The mind can only hold a certain number a things. After a while the rest has to be forced in.

And in most cases, “the rest” blocked out or not heard.

Because once that simple core idea is set, the frame, the rest is built around it.

Remember, simple ideas over complex ones.

Associations not design

When we talk about the colors or symbols of a brand, sometimes it can feel like the conversation can get rather elementary.

Should this be blue or red? Should this symbol be this shape or this shape? Where should we place the logo? How should it look?

In a lot of ways, all of this seems rather pointless but when you realize you are dealing with associations not design – it’s easier to think about it – and the tremendous importance of it.
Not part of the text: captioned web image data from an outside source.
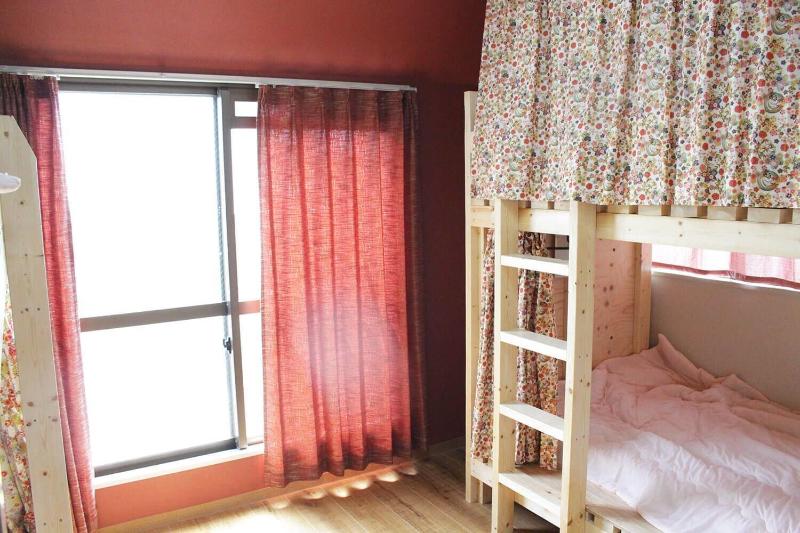 Guesthouse Yours Hostel image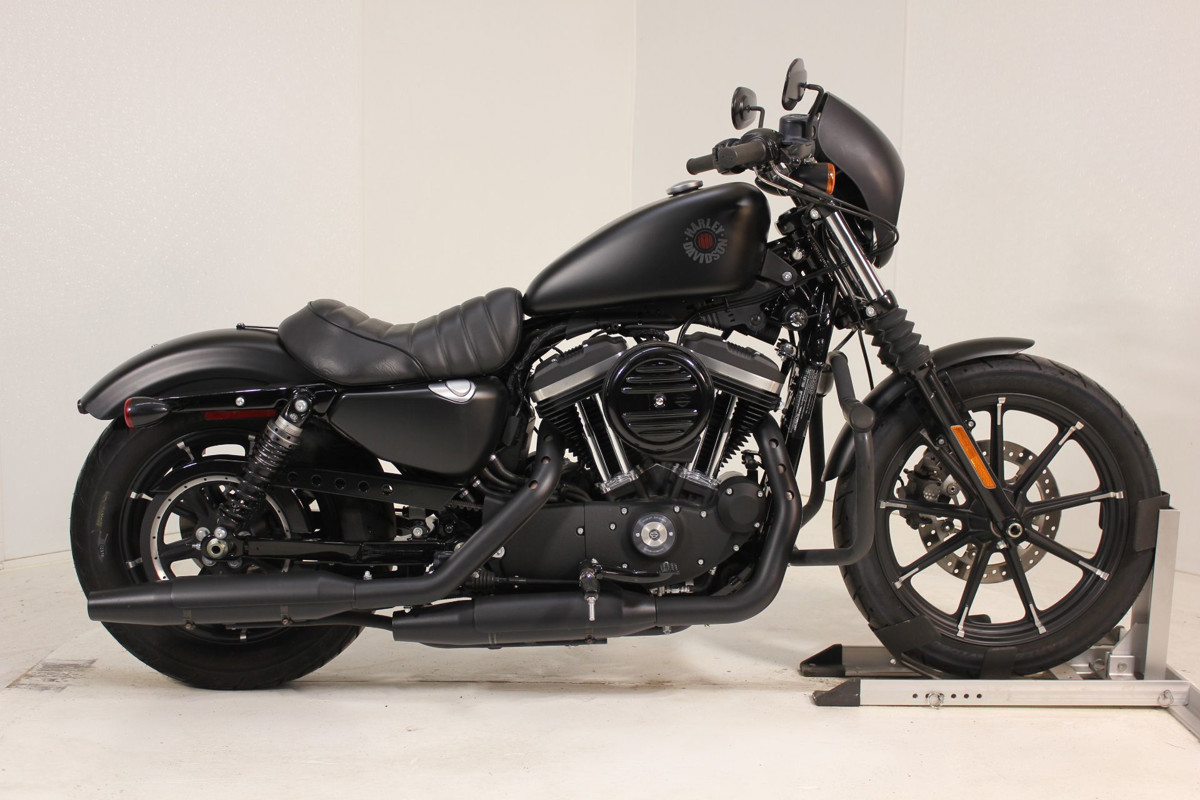 Iron 883®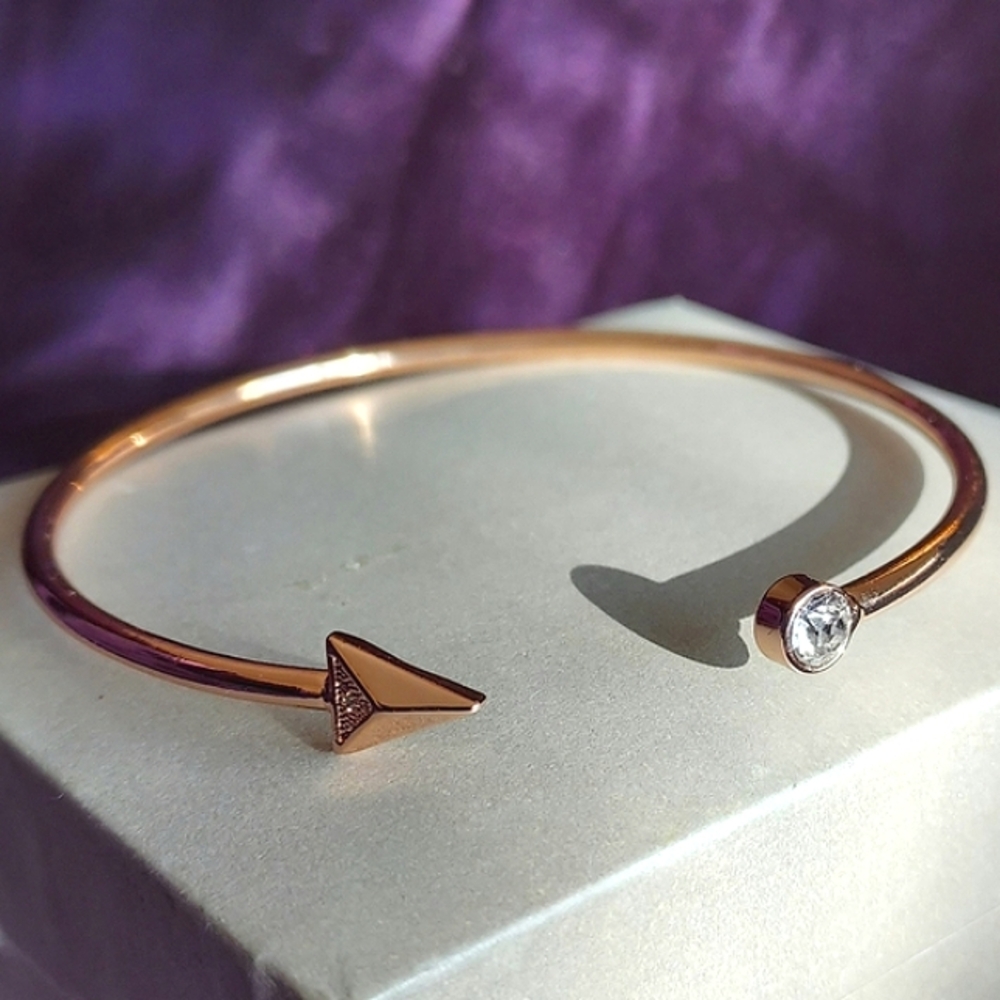 NEW HD Taylors Diamond Collection real diamond/SWAROFSKI 14k rose gold bangle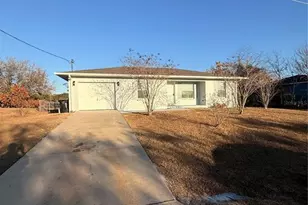 517 Cipres Cir, Winter Haven, FL 33880 - Photo 2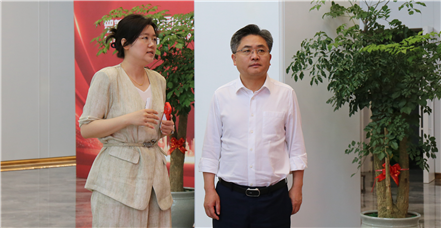 江西省九江市委常委、庐山管理局党委书记、庐山市委书记邵九思一行莅临亚游集团ag8集团考察指导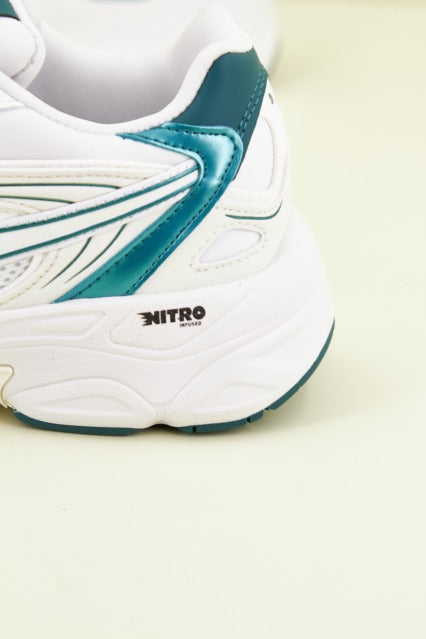 PUMA TEVERIS NITRO METALLIC en color BLANCO (3)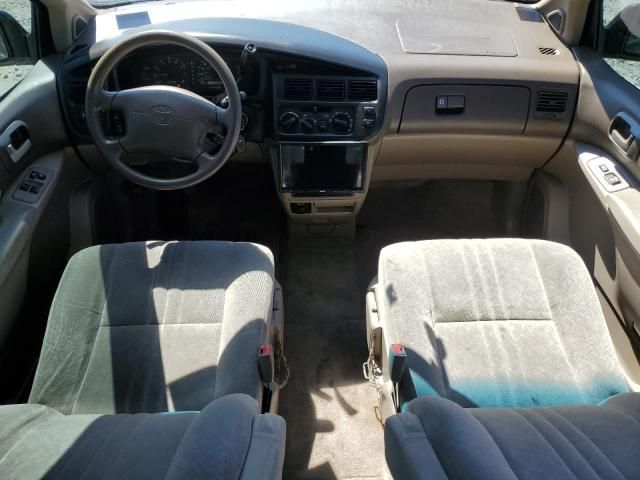 1999 Toyota Sienna LE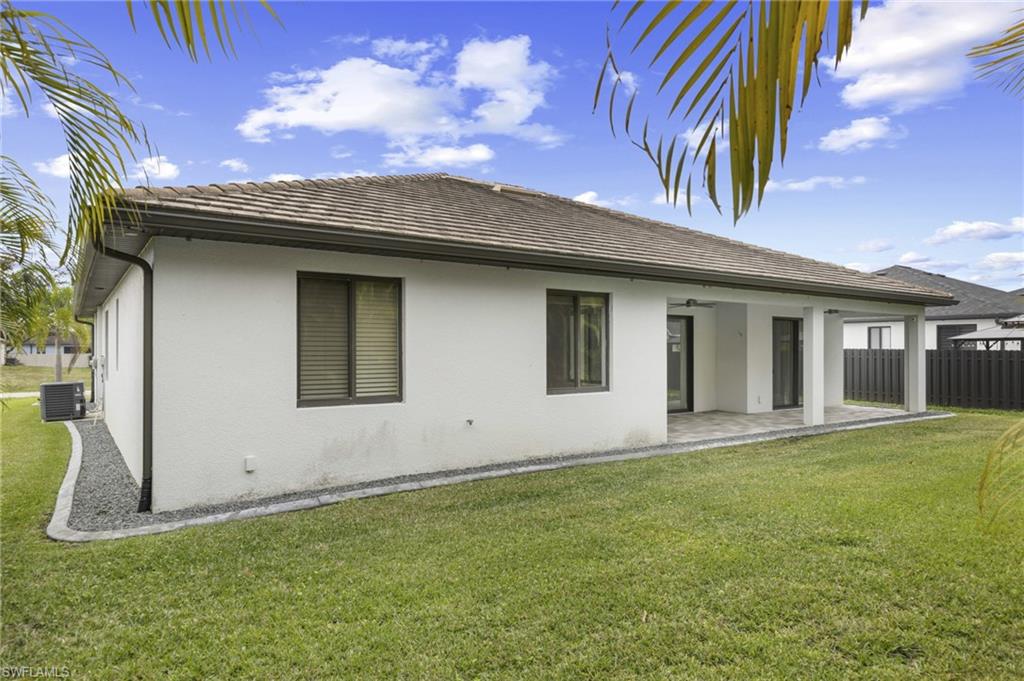 CAPE CORAL - Residential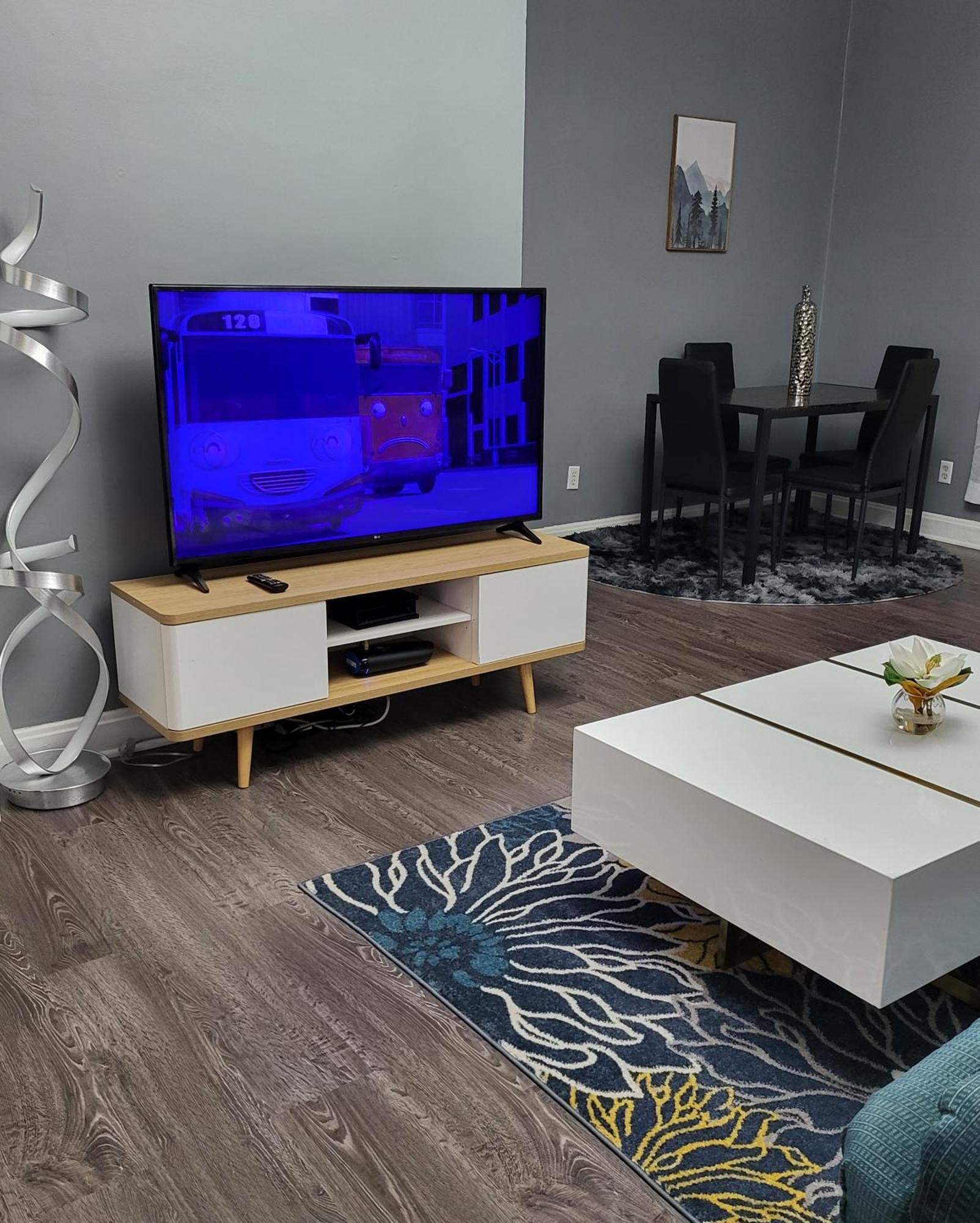 1 Bedroom In Columbus Osu District, Free Parking, Kitchen, Washer And Dryer, Central Location, Downtown, Hospital, Expocenter, Osu Stadium المظهر الخارجي الصورة
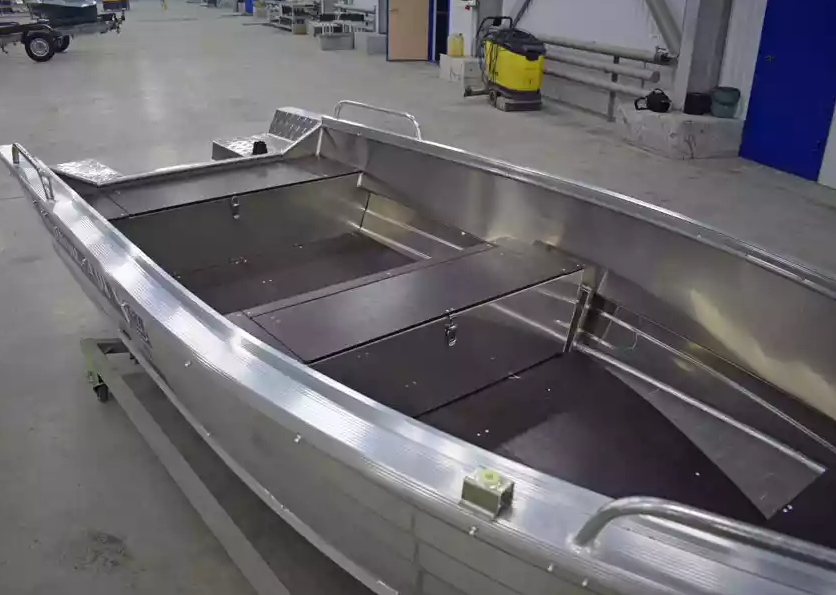 Алюминиевая лодка  Wyatboat-430 Р в Петрозаводске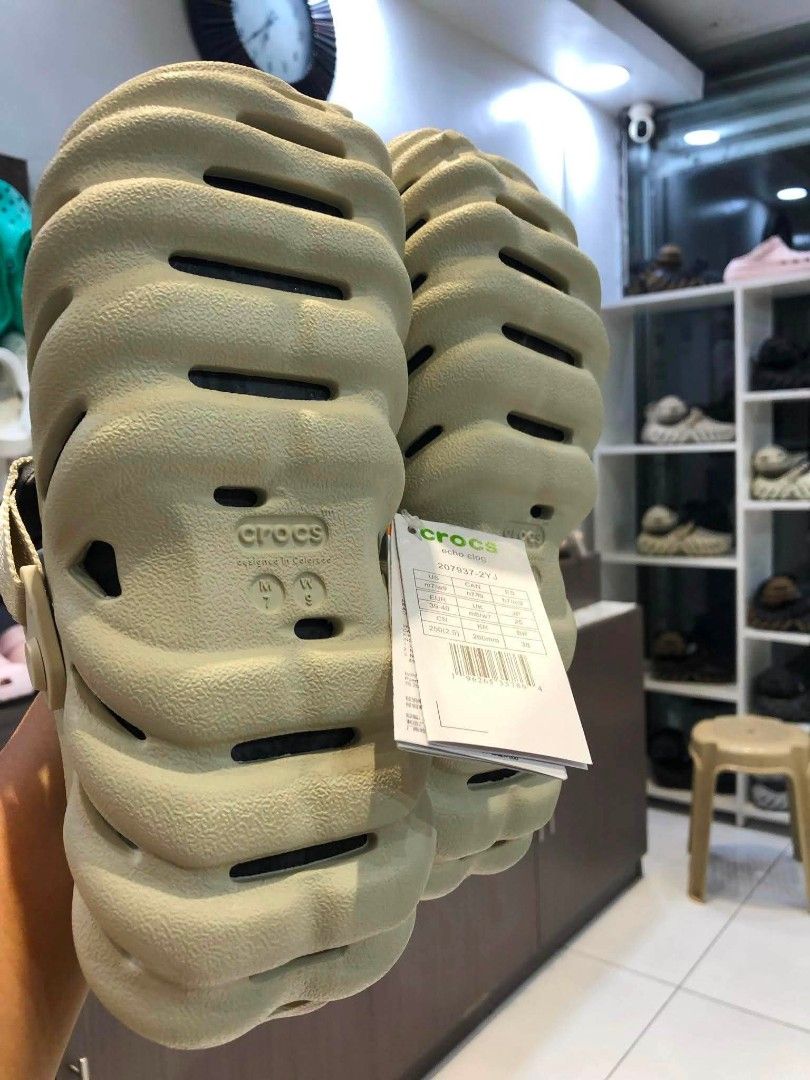 Crocs Echo Clog Sandal Beige (Category: Slippers & Slides) located in Cebu City. Submitted by madeskartegirl (Listing ID 1453305950, Image 3). Description: ORIGINAL FACTORY PULL OUT AVAILABLE FOR MEN AND WOMEN 😍 COMPLETE INCLUSIONS ✅ Hanger✅ Tag✅ Sealed ziplock✅ Crocsbag✅ Location : Cebu city WE SHIP NATIONWIDE Brand new beige Crocs Echo Clogs - Unique, chunky design - Adjustable strap (wear up or down) - Ultimate comfort and style - Perfect for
It’s hard for people to remember complex things or concepts by themselves. When we think of one thing, we think of the next thing. It’s like a web. When I say chair, you may think dinner. You then may think house. Then you may think community. Or you maybe you didn’t think of any of those things and simply thought of an experience you had or a chair you have.

The point is no thought lives in isolation, it’s connected to other thoughts.

So it may seem insignificant changing the colors or deciding where the logo should go but it’s one of the most important decisions you can make.

Because once you decide, it determines how people will think about your brand, what it will remind them of and what it will be associated with for the years to come.